The Big Ten added Rutgers and Maryland in 2014. It was different than previous football additions. A Big Ten invitation was a rarified event. Penn State (No. 11) and Nebraska (No. 12) were storied programs with multiple national titles. Even Michigan State (No. 10) was coming off a 26-1 run and a national title in 1953. Rutgers and Maryland? The schools had combined for one top 10 AP finish since 1956.
Not surprisingly, the move has not worked out on the field. Rutgers has gone just 4-21 in conference play. Maryland, 8-17, has not been much better. Paradigms change quickly in college football. Maybe young D.J. Durkin gets something going with the Terps. But, the prognosis for neither program in a division with the great B1G powers is optimistic.
Maryland did bring along a solid basketball program, for what that’s worth. Rutgers, absent from the NCAA Tournament since 1991, has brought only embarrassing athletic department scandals.
How the teams fared has been irrelevant. The additions were never about the competition. It was all about money. Adding Maryland and Rutgers was a cynical ploy to add the large and growing New York and D.C. television markets to the Big Ten’s “conference footprint.”

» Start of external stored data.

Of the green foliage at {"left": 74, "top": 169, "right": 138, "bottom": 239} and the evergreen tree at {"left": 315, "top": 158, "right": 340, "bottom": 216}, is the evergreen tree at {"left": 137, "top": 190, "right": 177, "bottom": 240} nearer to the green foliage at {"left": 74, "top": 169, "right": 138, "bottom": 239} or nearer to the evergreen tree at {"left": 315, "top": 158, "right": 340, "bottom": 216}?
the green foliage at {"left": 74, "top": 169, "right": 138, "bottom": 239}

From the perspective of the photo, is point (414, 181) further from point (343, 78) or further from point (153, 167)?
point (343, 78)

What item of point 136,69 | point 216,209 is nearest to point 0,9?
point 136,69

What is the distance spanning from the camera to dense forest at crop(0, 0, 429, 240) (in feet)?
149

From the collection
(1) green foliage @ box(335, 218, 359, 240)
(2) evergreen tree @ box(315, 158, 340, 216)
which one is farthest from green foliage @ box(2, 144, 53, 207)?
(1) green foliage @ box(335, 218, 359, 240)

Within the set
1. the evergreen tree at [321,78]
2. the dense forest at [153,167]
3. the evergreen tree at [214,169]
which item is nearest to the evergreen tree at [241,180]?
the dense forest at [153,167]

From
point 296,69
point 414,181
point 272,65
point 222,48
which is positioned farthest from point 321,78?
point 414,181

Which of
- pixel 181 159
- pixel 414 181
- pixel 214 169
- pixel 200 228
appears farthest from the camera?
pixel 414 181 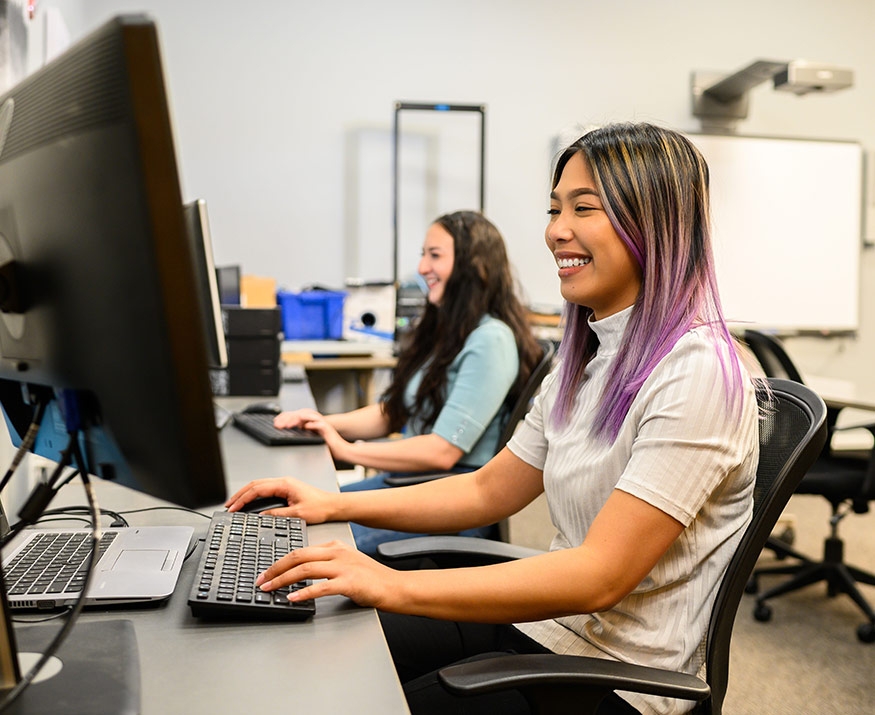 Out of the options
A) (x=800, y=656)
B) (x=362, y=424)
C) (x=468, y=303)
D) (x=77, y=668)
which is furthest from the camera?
(x=800, y=656)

The Big Ten Network gets millions of more subscribers paying the in-market fee of $1 per month on their basic cable packages. A “national” conference doing important things in populous East Coast cities is a better pitch to advertisers than snow, corn, and depressed manufacturing. This has been lucrative for schools with conference revenue ballooning. It has been lucrative for Jim Delany, due to receive a reported $20 million in bonuses, for amateur athletics administration.

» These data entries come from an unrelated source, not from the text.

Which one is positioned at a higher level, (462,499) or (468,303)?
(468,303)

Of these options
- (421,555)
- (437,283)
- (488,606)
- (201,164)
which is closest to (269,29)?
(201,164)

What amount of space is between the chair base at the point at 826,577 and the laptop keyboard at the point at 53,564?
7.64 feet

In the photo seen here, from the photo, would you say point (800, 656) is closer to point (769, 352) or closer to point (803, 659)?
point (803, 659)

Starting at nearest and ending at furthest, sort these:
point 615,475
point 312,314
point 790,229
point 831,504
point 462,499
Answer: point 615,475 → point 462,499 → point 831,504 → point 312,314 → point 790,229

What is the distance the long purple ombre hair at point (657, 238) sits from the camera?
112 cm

Adding Rutgers and Maryland is a windfall if the cable model stays intact. As we’ve learned from the countless ESPN in decline pieces, that model is crumbling. Subscribers are leaving in a steady trickle. Technological innovation – fast, reliable Internet from another source – could break the dam.
We’ve reached the point where outrageous live sports rights figures will diminish. It’s hard to see ESPN or FOX shelling out stupid money for college football today, much less in five or six years. The Big Ten negotiating a shorter TV deal to hasten the next round of negotiations no longer looks like a masterstroke.

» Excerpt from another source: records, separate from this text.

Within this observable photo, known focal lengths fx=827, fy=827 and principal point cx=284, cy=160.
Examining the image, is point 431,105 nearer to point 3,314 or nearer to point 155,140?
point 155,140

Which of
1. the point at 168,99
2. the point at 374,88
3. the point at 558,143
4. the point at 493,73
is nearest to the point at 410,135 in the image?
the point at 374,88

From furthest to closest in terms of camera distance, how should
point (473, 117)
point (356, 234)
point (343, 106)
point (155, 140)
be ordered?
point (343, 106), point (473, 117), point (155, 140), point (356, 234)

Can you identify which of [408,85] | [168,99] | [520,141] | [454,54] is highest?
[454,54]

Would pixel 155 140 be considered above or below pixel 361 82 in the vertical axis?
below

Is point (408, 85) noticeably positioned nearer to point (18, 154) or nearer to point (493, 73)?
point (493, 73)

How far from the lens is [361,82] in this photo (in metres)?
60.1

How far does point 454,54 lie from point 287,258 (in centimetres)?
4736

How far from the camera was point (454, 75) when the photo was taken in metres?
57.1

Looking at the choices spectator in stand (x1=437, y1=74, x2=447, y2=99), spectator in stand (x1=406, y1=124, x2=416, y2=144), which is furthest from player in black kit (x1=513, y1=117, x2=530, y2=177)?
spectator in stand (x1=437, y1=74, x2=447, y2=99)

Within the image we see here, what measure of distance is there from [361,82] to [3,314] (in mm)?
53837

A Big Ten Network reliant on active subscribers and ad revenue may not be viable in its present form. The network’s best bet would be bundling with Fox News (median age viewer: 68) for the future, which may not be a long-term strategy.
Cable’s death carries uncertainty. There’s no precise gauge of what will happen. What I can predict is there will be a profound shift toward quality of games vs. volume of games.
Teams will need to fill their stadiums to make money. Having two of the seven home games be against live opponents won’t be a viable business strategy. Non-conference scheduling will have to be better. So will conference scheduling.
Whatever outlet is streaming college football games in the 2020s will not want the bloated buffet of games. The present model favors the conferences. ESPN and FOX need live sports content to get cable providers to carry multiple networks. That changes if you’re dealing with Apple or Amazon.
We could see a model where the ten best Big Ten football games per season are on Amazon Prime. The Big Ten is streaming the rest of its football package and almost all of regular season college basketball on its own.
Cable subscribers no longer matter in that scenario. Fans who watch do, the very fans the Big Ten blithely disregarded. Rutgers and Maryland become dead weight.
Those two schools dilute the product. They drag on attendance when they show up to Michigan, Ohio State, and Penn State. They drag on television revenue. Mich/OSU/PSU are playing Maryland and Rutgers vs. sellable games against Nebraska, Wisconsin, and Iowa. They are also two extra mouths to feed when it comes to distributing the diminished revenue Mich/OSU/PSU are producing.
Adding Rutgers and Maryland made short-term financial sense for the Big Ten. Making the product worse may have grave consequences in the intermediate to long-term when the Big Ten is courting active viewers rather than a cable footprint. Of course, those handling said consequences would not be Jim Delany and the present set of school athletics administrators.